Open BobHarper1 opened 6 years ago

BobHarper1 commented 6 years ago

SIC codelist

Is the SIC a useful, albeit fairly blunt, organisation classification to include in the Spec? The Spec will possibly mandate codelists for activity types by investee organisations. Given that the SIC is generalist and not focused on the social sector it might not be an appropriate classifier (round peg, square hole).

As registered companies have SICs listed and available from Companies House, is it necessary to include SICs in the Spec where these may or may not differ for organisations with known company numbers?

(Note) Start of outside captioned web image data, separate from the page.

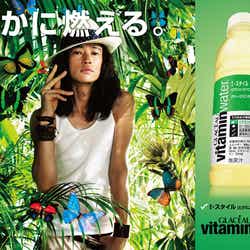 窪塚洋介×t-style/「グラソー ビタミンウォーター」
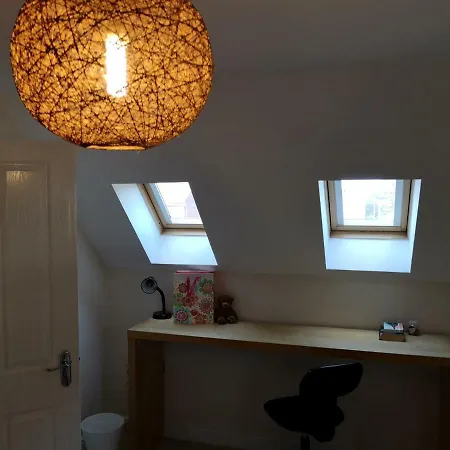 The Sharp House Leeds 3*
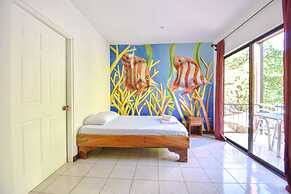 Tramonto ROJO Santa Teresa Guest House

A report (which focuses on lending by mainstream banks to SEs and charities) http://flipfinance.org.uk/2016/07/23/forest-for-the-trees/ takes an interesting analytical approach of using SICs to attempt to identify what are social sector organisations, but summarises the limits of such an approach:

This is therefore a classification, though not of ownership, governance or legal form, nor of motivation, approach to impact or profit distribution. For this reason, it is impossible to use SIC codes to accurately assess activity relating uniquely to the social sector (however defined). (p15)

ScatteredInk commented 6 years ago

I don't think we want SICs to have a privileged position in terms of classifications, and we also need to deal with the fact that there are multiple SICs (in terms of number of digits and different revisions by year. There is also the edge case of foreign-registered charities active in the UK. So, essentially, SICs need to be treated like any other classification.

But I definitely think that there are enough use-cases and that SICs are confusing enough - especially when dealing with definitional breaks in longitudinal analysis - that we should plan for significant guidance around using SICs in the spec and for the possibility that SICs will be used in different ways than they are in dealings with Companies House.

I agree that there are drawbacks from SICs not being sector-specific but, given the emphasis on places in the impact-measurement use-cases, the intersection with other statistics on the labour market and business demography makes this a relatively minor point - and if something better comes along, then the techniques are in place to switch over.